DATA IN THIS EXERCISE:
====

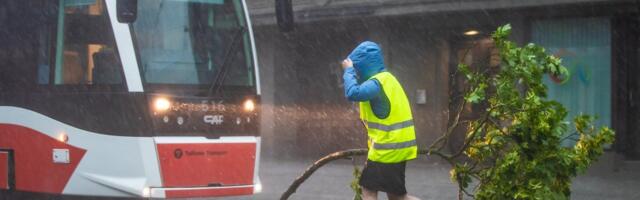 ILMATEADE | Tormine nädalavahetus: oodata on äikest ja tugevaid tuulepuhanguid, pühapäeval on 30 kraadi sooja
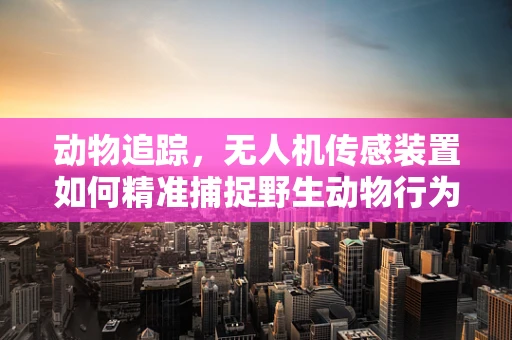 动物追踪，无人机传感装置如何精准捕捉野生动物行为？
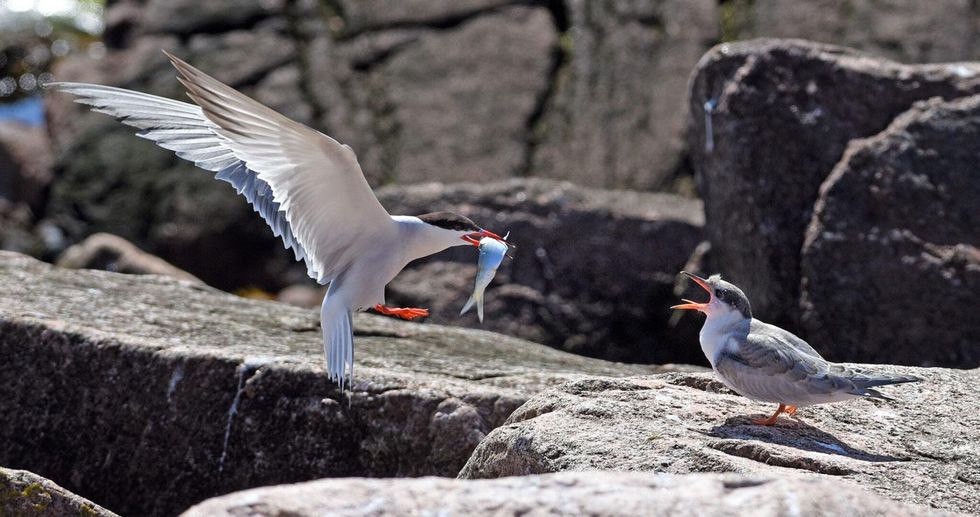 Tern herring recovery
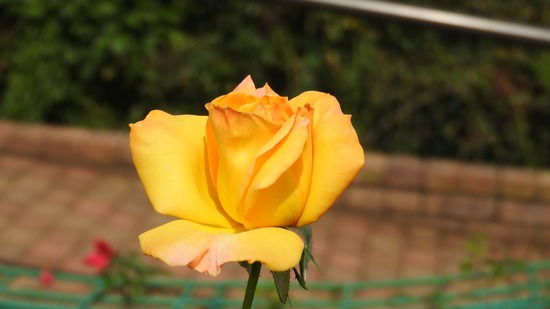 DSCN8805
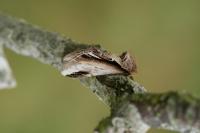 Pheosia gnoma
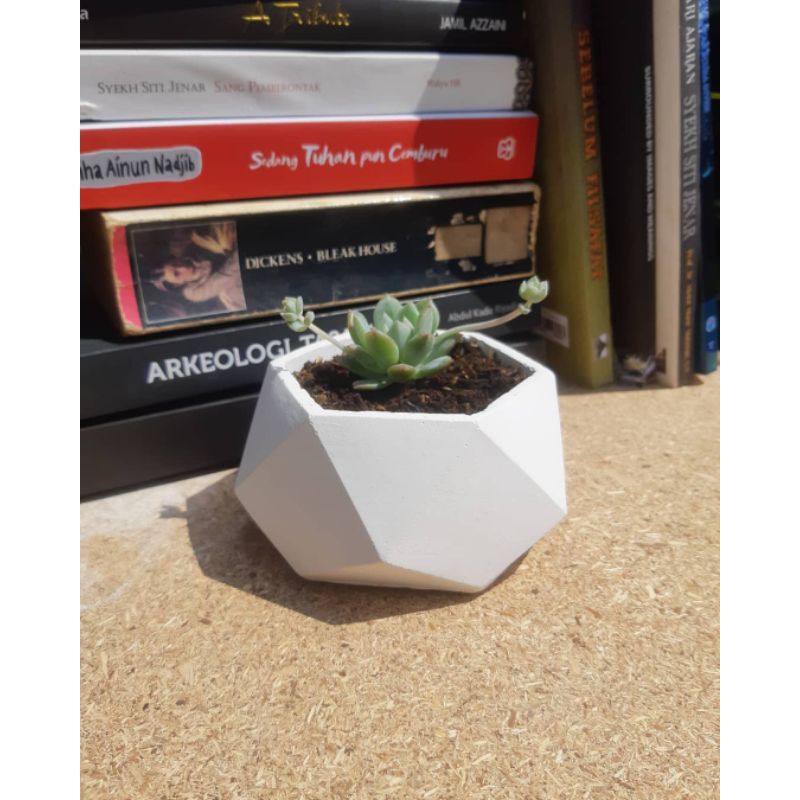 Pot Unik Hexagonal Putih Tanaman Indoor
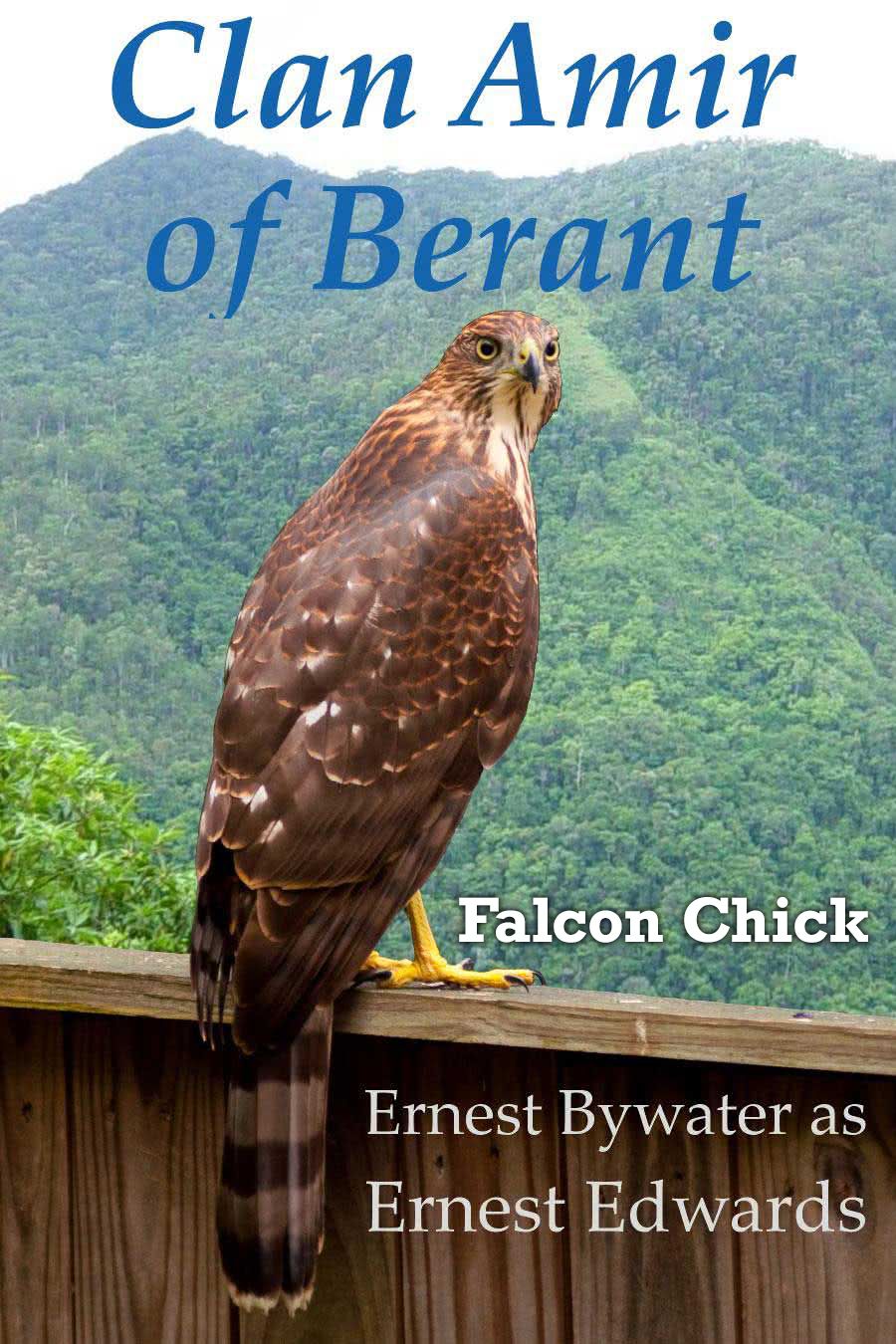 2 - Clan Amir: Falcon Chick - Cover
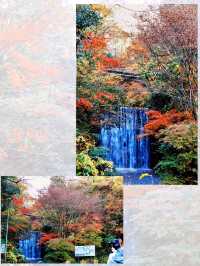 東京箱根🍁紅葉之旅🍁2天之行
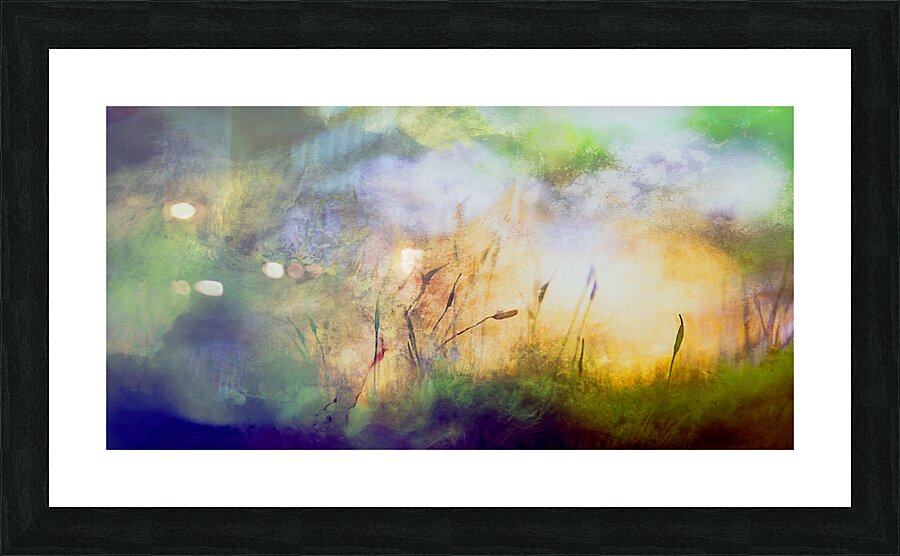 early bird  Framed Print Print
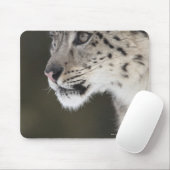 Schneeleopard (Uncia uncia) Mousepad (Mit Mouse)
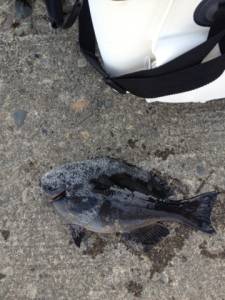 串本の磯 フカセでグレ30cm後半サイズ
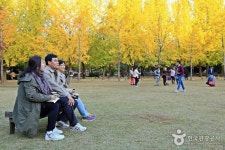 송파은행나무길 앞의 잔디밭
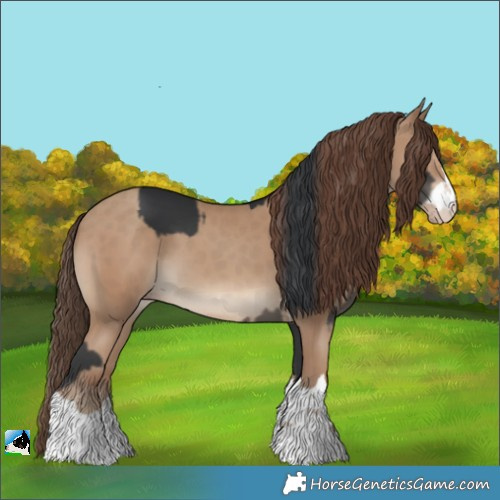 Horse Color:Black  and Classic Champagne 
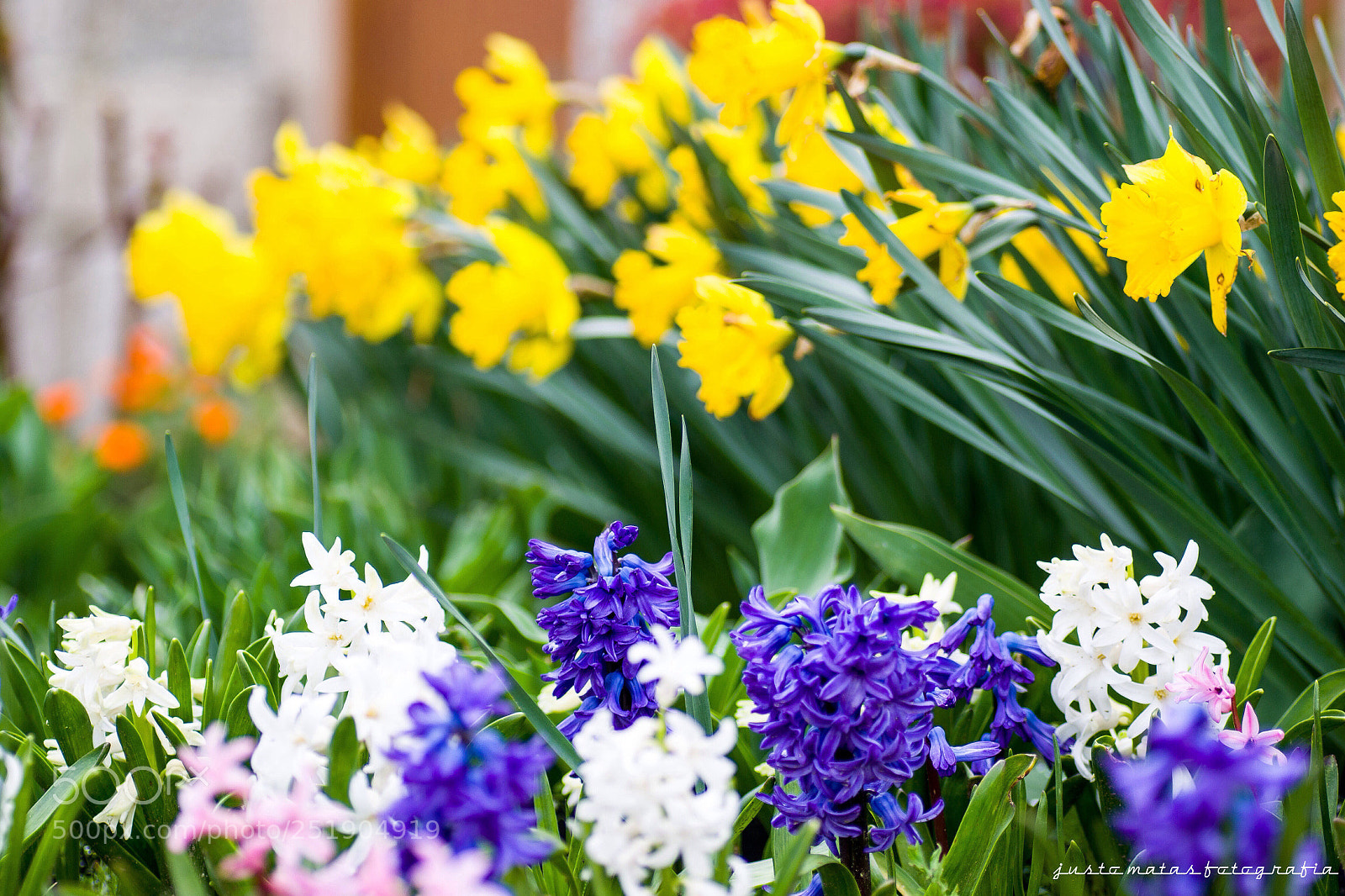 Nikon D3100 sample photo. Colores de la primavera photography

====

WHAT YOU ARE ASKED TO DO: Take the line that contains "2 - Clan Amir: Falcon Chick - Cover" and every line after it to the end of the records above; quote them exactly, leaving out the pictures.

ANSWER TO THIS EXERCISE:
 2 - Clan Amir: Falcon Chick - Cover
 東京箱根🍁紅葉之旅🍁2天之行
 early bird  Framed Print Print
 Schneeleopard (Uncia uncia) Mousepad (Mit Mouse)
 串本の磯 フカセでグレ30cm後半サイズ
 송파은행나무길 앞의 잔디밭
 Horse Color:Black  and Classic Champagne 
 Nikon D3100 sample photo. Colores de la primavera photography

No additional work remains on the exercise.